The impossibility of achieving a strategic victory over the enemy through military means, the continuing interconnectedness of the world, the constant military conflict as one of the tools of grand strategy introduces us to the era of constant indirect war, writes Valdai Club Programme Director Andrey Sushentsov.
The military crisis raging in Eastern Europe has dispelled the illusion that the era of large armies is becoming a thing of the past. Military thinking among the leading powers is beginning to move away from the maxim of the 2000s, according to which the goal of war was to blind and stun the enemy’s sensors in order to technologically incapacitate him, precluding his ability to fight using 21st century methods (high-precision, mobile, deep coverage), and sending him back to paper maps. Achieving this goal with a discrepancy between the levels of military readiness and the development of military equipment does not guarantee a strategic result.
Can we, observing these trends, state that the war of the 21st century remains highly mobile and will be high-tech, that it will be fought with small numbers? Or have we seen a return to the historical norm of large armies — where the risk of wars between great powers increases, and small and mobile armies do not have significant advantages over large armies that rely on the mobilisation of the population? The experience of the 21st century shows that the features of a major military conflict between powers of comparable power will be exactly the same as they have been throughout history.
In previous decades, much attention was paid to the virtual dimension of conflicts and victory in the information environment. It remains an important dimension of military confrontation, but is not decisive. Psychological confrontation existed in Ancient Greece and Ancient China: to defeat the enemy’s plans, disorganise his society, sow distrust — this remains one of the key goals of war.
To summarise, we have a picture in which decisive strategic victory through armed conflict involves the use of the same amount of material resources that have always been required throughout history for strategic victory. Leading German generals, already at the beginning of the implementation of the Barbarossa plan, realised that strategically this was a defeat, since the key goals of the war were not achieved immediately. Modern society, influenced by consumer practices, has difficulty moving along the path of mobilisation, and this is a stress for most governments.
Mobilisation in modern political and international conditions is a major challenge for any state, and the open question remains how mobilisation would be reacted to in the countries most actively supporting Ukraine — the United States, Britain, Lithuania and Poland. We see the difficulties facing the mobilisation of those liable for military service in Ukraine, whose society is now being processed by a large-scale propaganda campaign. Perhaps the most resilient of states is the one that can afford to mobilise while maintaining internal stability and conditions for economic growth.
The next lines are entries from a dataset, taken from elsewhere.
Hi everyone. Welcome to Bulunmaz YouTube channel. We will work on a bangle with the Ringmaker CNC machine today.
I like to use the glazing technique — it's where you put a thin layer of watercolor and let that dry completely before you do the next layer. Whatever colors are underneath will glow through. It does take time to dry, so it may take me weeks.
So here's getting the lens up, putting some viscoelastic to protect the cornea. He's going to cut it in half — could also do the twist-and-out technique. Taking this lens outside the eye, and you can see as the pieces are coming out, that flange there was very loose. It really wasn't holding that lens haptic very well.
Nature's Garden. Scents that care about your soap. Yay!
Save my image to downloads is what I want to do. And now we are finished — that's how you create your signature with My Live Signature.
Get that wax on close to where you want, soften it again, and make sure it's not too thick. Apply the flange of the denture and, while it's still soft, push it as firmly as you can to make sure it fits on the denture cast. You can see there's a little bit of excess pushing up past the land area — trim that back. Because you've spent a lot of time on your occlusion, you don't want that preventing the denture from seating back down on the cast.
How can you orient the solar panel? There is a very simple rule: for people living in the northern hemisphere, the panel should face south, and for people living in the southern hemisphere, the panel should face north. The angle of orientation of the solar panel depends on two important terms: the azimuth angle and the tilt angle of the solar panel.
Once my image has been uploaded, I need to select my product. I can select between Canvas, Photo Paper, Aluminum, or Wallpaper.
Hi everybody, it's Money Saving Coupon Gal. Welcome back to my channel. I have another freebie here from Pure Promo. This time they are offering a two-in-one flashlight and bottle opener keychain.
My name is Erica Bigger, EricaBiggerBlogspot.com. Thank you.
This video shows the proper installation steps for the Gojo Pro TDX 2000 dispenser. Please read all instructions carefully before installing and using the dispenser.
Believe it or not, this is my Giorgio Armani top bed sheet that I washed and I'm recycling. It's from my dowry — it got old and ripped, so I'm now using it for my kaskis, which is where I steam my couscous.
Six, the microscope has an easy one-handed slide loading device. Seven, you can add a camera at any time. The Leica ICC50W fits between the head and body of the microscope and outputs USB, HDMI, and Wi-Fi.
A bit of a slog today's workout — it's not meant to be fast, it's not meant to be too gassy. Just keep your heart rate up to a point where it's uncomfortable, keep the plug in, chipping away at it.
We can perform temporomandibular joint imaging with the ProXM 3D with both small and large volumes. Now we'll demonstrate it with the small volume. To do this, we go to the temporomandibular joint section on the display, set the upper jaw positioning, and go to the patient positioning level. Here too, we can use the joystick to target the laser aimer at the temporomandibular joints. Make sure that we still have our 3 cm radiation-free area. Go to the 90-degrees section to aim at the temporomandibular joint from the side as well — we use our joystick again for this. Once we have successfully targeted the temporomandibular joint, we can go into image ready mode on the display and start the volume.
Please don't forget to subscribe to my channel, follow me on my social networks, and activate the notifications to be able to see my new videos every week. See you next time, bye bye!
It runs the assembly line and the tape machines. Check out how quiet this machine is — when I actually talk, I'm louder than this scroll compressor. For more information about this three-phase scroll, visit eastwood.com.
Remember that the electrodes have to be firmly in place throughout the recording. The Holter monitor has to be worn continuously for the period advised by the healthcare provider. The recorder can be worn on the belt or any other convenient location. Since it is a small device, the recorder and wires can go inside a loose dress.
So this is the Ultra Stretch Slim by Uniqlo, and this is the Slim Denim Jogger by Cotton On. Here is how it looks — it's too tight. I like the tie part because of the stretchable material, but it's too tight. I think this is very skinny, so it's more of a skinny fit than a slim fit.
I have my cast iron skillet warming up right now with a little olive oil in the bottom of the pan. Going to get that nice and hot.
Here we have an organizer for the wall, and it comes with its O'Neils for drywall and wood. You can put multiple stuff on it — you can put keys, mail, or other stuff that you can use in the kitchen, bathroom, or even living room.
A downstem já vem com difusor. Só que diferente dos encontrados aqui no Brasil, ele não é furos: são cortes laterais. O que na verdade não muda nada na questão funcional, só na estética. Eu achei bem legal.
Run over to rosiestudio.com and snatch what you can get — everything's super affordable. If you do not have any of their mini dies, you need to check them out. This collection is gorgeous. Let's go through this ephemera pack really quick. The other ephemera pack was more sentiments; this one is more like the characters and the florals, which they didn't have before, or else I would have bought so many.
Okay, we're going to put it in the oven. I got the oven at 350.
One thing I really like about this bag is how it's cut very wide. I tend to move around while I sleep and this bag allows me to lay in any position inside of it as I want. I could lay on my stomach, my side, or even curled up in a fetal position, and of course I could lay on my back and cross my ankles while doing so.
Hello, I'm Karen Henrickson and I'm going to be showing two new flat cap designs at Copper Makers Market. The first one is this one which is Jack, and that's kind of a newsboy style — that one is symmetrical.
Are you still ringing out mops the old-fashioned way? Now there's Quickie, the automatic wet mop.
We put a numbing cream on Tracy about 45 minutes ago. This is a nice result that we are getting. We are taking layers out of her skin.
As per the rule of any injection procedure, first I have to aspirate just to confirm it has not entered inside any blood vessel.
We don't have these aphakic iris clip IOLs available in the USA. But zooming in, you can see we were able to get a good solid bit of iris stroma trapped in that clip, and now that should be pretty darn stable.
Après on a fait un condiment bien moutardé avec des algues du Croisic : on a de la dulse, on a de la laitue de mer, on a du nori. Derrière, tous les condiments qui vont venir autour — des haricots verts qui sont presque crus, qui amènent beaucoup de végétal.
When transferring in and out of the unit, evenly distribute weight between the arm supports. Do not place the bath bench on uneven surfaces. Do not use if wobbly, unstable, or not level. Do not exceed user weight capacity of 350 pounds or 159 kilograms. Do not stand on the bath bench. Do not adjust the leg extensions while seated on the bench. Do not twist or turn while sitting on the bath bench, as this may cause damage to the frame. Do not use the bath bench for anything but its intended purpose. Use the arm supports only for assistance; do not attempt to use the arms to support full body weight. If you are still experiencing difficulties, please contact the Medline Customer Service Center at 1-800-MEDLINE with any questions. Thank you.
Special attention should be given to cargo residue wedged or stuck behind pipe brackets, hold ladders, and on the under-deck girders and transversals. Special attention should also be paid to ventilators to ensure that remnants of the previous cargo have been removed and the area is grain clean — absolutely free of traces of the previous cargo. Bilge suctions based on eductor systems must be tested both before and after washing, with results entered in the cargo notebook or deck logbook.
At the same time, globalisation has not disappeared; the world is still interconnected through gateway zones — even opponents are interconnected.
Can we state that military conflict is the norm of the 21st century? Perhaps the Indo-Pakistani relations of mutual containment and constant hostility will eventually serve as the prototype for the great confrontation between Russia and the West. However, this does not mean that a rapid spiral into nuclear war, catastrophic for everyone, is likely. The world has entered a period of constant power rebalancing without major breakthroughs. War is again a constant, but a very narrow circle of countries will be capable of a truly major war.